Goyave applications are standalone and don't require any web server (such as Apache or Nginx) to function. However, this also means that you will need some additional installation steps on your production server.

When running a web service, it is important that it stays online. Creating a deamon is necessary so your server can run in the background, have the correct filesystem permissions, and restart automatically after a crash or a reboot.
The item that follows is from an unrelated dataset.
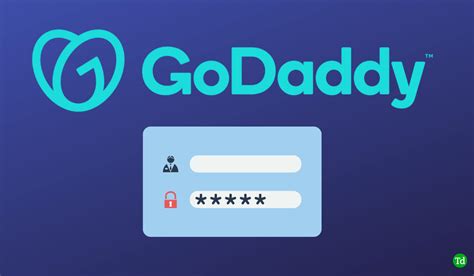 godaddy iniciar sesion|Iba pa.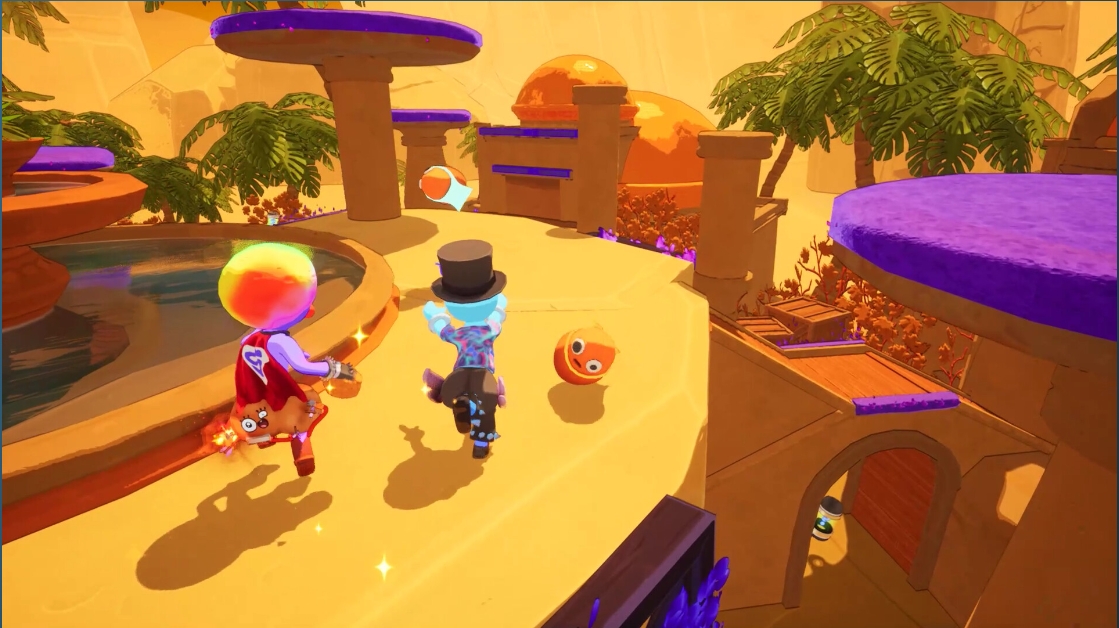 Spanky! screenshot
You can achieve this with any supervisor program, but in this guide, we will use systemd as it's the most common one.

# Systemd

First, we need to create a user and its group for our application:

sudo addgroup goyave
sudo useradd -r -s /bin/false goyave
sudo usermod -a -G goyave goyave

You may use the following systemd unit file to deploy your Goyave application:

/etc/systemd/system/my-goyave-application.service:

[Unit]
Description=Goyave application deamon

# If you are using a database, mysql for example, make sure the application
# service starts AFTER the database service.
# After=mysqld.service
After=network.target
StartLimitIntervalSec=0

[Service]
Environment=GOYAVE_ENV=production
WorkingDirectory=/path/to/goyave-application
ExecStart=/path/to/goyave-application/executable

# Process management
####################

Type=simple

# Can be changed to "on-failure"
Restart=always
RestartSec=1
TimeoutStopSec=600

# Run as goyave:goyave
User=goyave
Group=goyave

# Hardening measures
####################

# Provide a private /tmp and /var/tmp.
PrivateTmp=true

# Mount /usr, /boot/ and /etc read-only for the process.
ProtectSystem=full

# Deny access to /home, /root and /run/user
ProtectHome=true

# Disallow the process and all of its children to gain
# new privileges through execve().
NoNewPrivileges=true

# Use a new /dev namespace only populated with API pseudo devices
# such as /dev/null, /dev/zero and /dev/random.
PrivateDevices=true

# Deny the creation of writable and executable memory mappings.
MemoryDenyWriteExecute=true

[Install]
WantedBy=multi-user.target

WARNING

Replace my-goyave-application with the name of your application and /path/to/goyave-application with the absolute path to your application. This is important to have unique application names in case you run multiple goyave applications on the same server. You should also create a separate user and group for each application.